Then it is all bitumen to the Island.

Well, that was the plan, anyway...

THE GEAR
 

"I wore an O'Neil Threat helmet which I am going to smash with an axe this evening 'cos it is the most uncomfortable lid ever made."
Do not even attempt this without the right gear. One mistake and you'll be a small story in the papers a few weeks after they find your rotting corpse. The right gear isn't just boots, pants, a jacket and thermals (though when it's 6 degrees on the mountains and 25 in the valleys, you will appreciate good clobber). 

For adventure riding, an EPERB (Emergency Personal Beacon) is a must, as is food, full Camelbacks and a satellite phone. Spare tubes, tools, patience and a tendency not to panic is vital -- and a sound knowledge of first aid and a first aid kit is indispensable. Your way will also be a lot easier if you have a GPS system pre-plotted to your route, though maps may still be required and you'd be mad not to take some good topographical ones. We did and we had to use them when the GPS systems disagreed with one another.

Geoff Ballard provided us with a goodly array of gear, including my awesome Ballard Jacket (made to be worn over armour, beautifully vented and possessed of the softest high-collar I'd ever worn. It's meaningfully good gear) and some Fox overpants, which I wore over full body armour, and some O'Neil motocross pants and boots.

Some of Geoff Ballard's gear: First Aid kit - utilized, Monkey Butt Powder - utilized, tyre levers - utilized, liniment - utilized

Geoff also gave us tyre levers which were used, a first-aid kit which was used, Monkey Butt Powder which was used, and muscle-rubbing liniment (which is being used as I type). Mr Ballard has some experience with the type of riding we had to do and was full of advice and helpfulness and I encourage you all to view his catalogue and avail yourselves of his great gear. 

I wore an O'Neil Threat helmet which I am going to smash with an axe this evening cos it is the most uncomfortable lid ever made. My Crowbar MX goggles were sensational in low light and heavy dust and I had Ballard's no-blister-and-extra-warmth under-gloves on under O'Neil motocross gloves and my pair of glorious BMW winter gloves on for the freezing parts. And I did use all the gear at various times.

I also went out and bought the best thermals on earth. They are called Icebreaker and they're made in New Zealand from pure wool. You can wear them for weeks on end without smelling like a dead horse's sweat-filled arse (seriously) and I cannot recommend this product enough. You can buy them in mountaineering shops and they are worth every cent of their $70 (for long underpants) purchase price. I also splashed out on a pair of waterproof socks called Sealskins, which I also bought at the mountaineering shop. Incredible product which kept my feet dry through river crossings and are thick enough to be very comfortable and even relatively warm.

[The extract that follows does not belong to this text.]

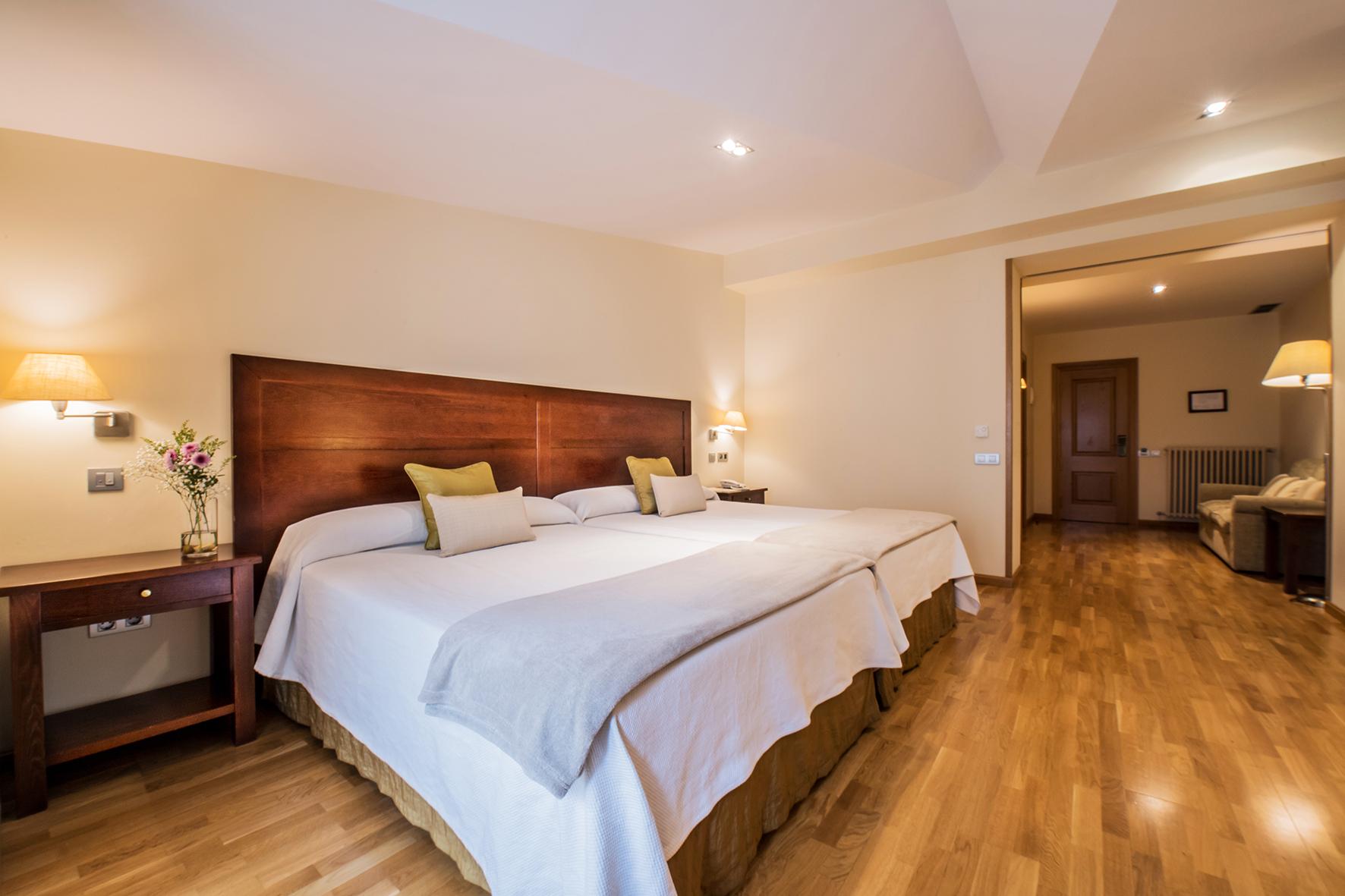 Hotel Villa Virginia Sabinanigo Bagian luar foto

There are insulated versions which are truly warm, but I couldn't afford the $90 they cost and settled for the $70 pair.

THE STORY -- DAY ONE

"And it was certainly an adventure in every sense of the word."

I stood on the banks of the Hawkesbury River at Wiseman's Ferry staring silently into the early morning gloom. I was filled with excitement and foreboding in equal amounts. The gear I was wearing felt strange and alien, as did the DR650 that was to be my companion over the next three days. 

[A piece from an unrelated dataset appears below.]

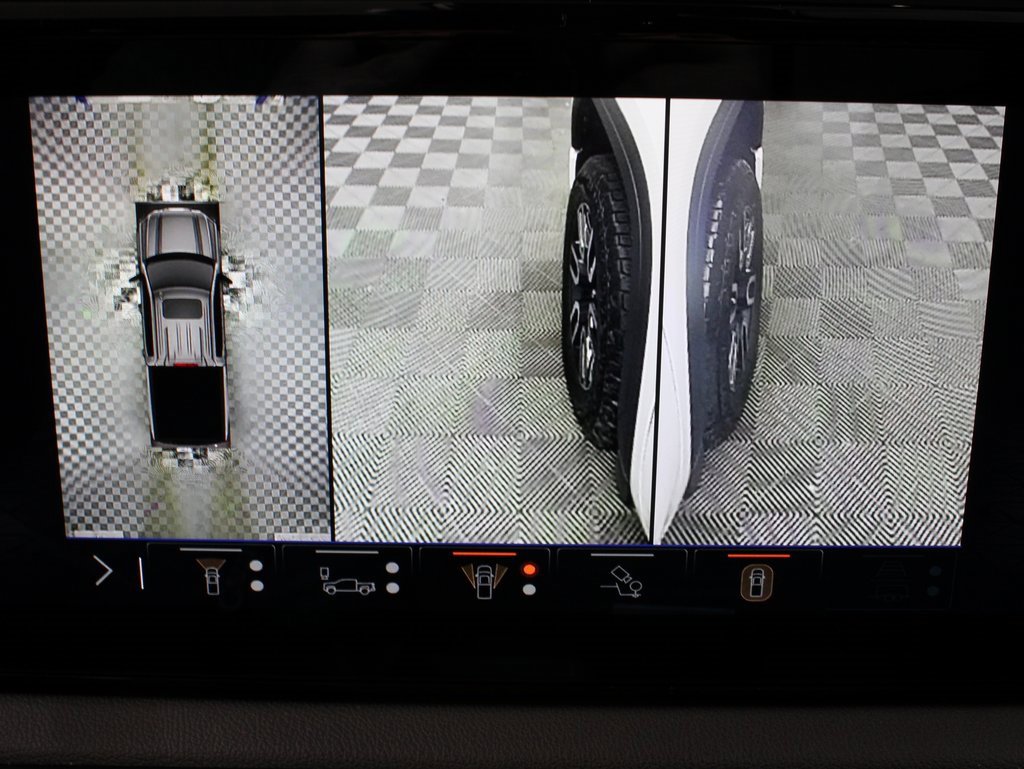 Used 2024 GMC Sierra 1500 AT4 image 19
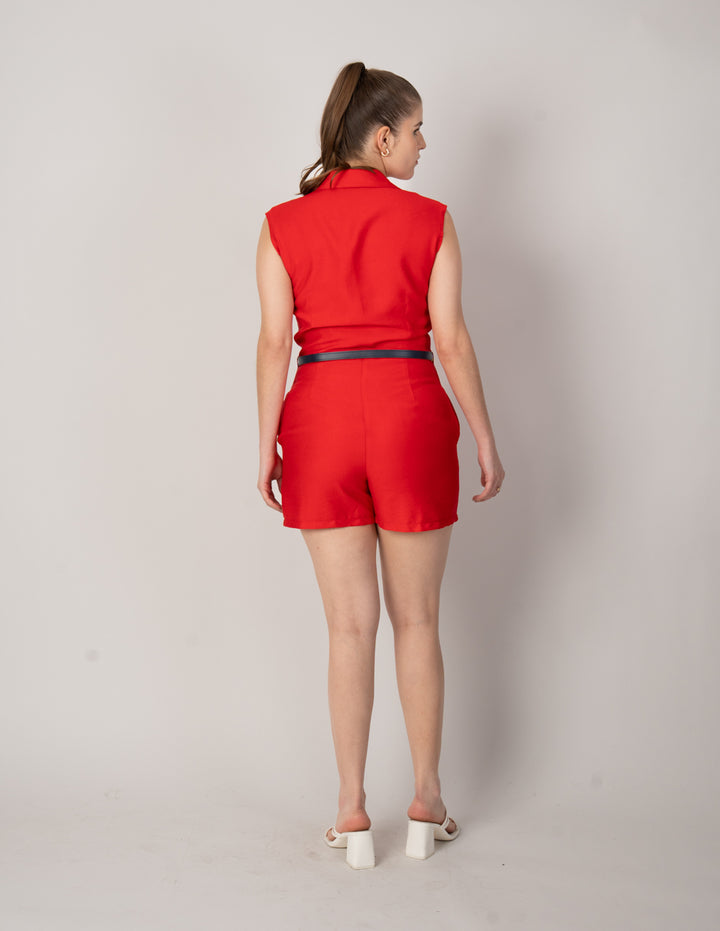 Jumpsuit corto con detalle de cinturón (disponible en rojo y blanco dots)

I had always wanted to do this trip -- Sydney to Melbourne on the dirt -- but in one of those "Yeah, it'd be great and I'll get around to it one day..." and I never actually made any concrete steps to make it so.

The time is that of the farting of sparrows, and Wrong Way Down is about to commence

Then Ian Buckley came into my life and proceeded to expand my bike-riding horizons by smashing my internal organs. Enduro riding, track days and racing was the only outlet my motorcycling addiction was permitted for 16 months and Ian was instrumental in all of it. My gratitude to him is boundless and my fear of what he's gonna come up with next is just as vast -- or it was until this last adventure. 

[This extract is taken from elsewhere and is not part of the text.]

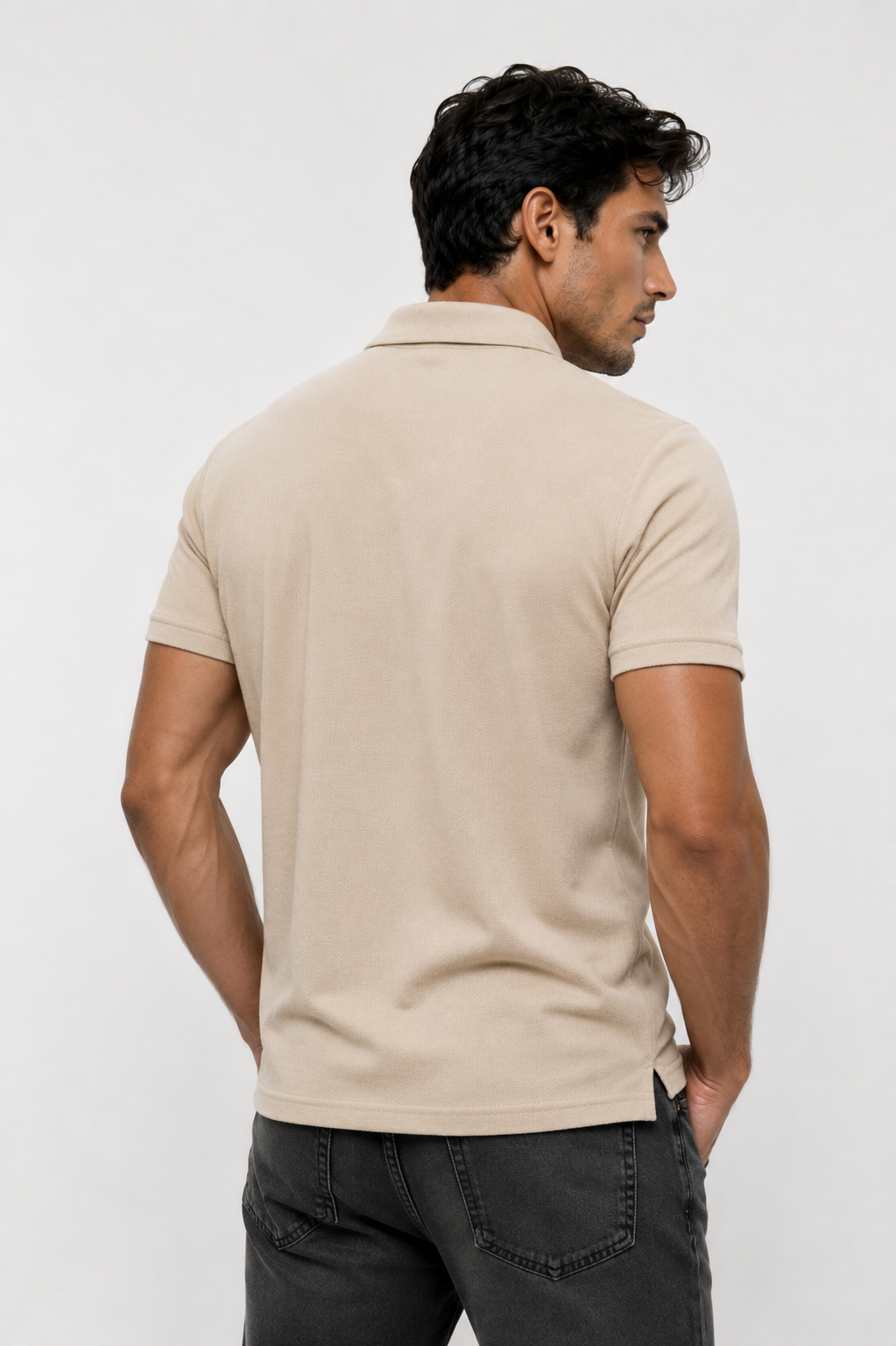 Polo homme beige zippé texturé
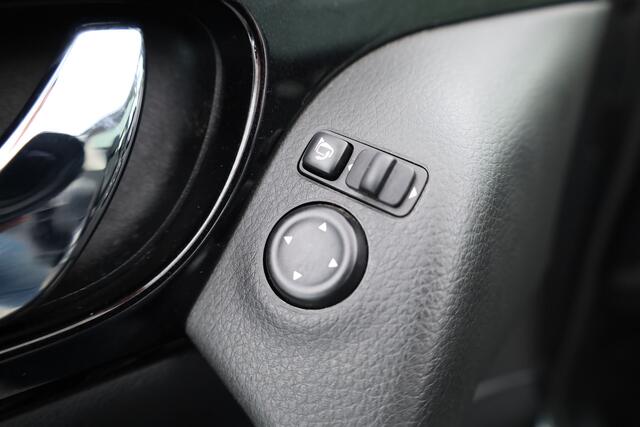 Nissan QASHQAI 1.2 Tekna | Cruise | 360cam | Dodehoek. | Pano | Trekhaak | Stoelverw. | Achteruitrijcamera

And it was certainly an adventure in every sense of the word.

But I wasn't to know that as I stood on the pre-dawn banks of the Hawkesbury and wondered if the rest of the crew would be late. They weren't and I heard them before I saw them descending the steep switchbacks into the river valley.

In short order, we had assembled at the ferry landing and I could tell the vibe was completely different to our normal road-riding assemblies. There was trepidation in the air, tinged with uncertainty and vague determination.

Some of this could be put down to the presence of Miles Davis and Dave Smith.

Miles, currently the Marketing Manager of BMW and former co-owner and writer for Cycle Torque needs no introduction to people in the industry, or to anyone who's been lucky enough to attend one of his dirt-riding courses. But for those of you who don't know him, Miles is a wonderful riding companion and possessed of supernatural bike-riding skills that truly beggar belief. This is probably why he was riding a fully kitted out BMW GS1200 Adventure -- a bike almost twice as heavy as my DR and one that no sane man would contemplate taking on a journey of this kind. We didn't know it at this early stage, but if Miles had not been with us, the whole trip would have ended differently.

Dave Smith was a bird of another hue -- and his KTM spoke loudly of his commitment and love for this kind of riding. It was Dave (at Ian's cajoling) who put together this trip. He'd done the NSW leg of it several times and has guided and chaperoned countless riders on this and similar outings. A faster and smoother dirt rider would be hard to find (though you only had to turn your head to see Miles, but his skills are of another order altogether) and he was an incredibly reassuring, amicable and level-headed riding companion.

Also along for the trip was Dino, Al and Steve -- all committed members of the BIKE ME! Supreme Riding Soviet, who were tasked with following in our footsteps with a Land Rover and a three-bike trailer.

They carried no back-up gear and were only on hand to pick up any bike and/or rider unable to continue. One of the requirements we'd made of ourselves was that we would carry everything we needed with us. There would be no truck full of food, tools, spares, doctors, lawyers or whores dogging our trail.

And in practical business terms, we had to have a way to get the bikes back to civilization if it all went pear-shaped (since none of them belonged to us) and I can't imagine BMW, Honda or Suzuki would smile upon us if at the end of the trip we gave them the co-ordinates of where one of their bikes had been left, rather than the bike itself.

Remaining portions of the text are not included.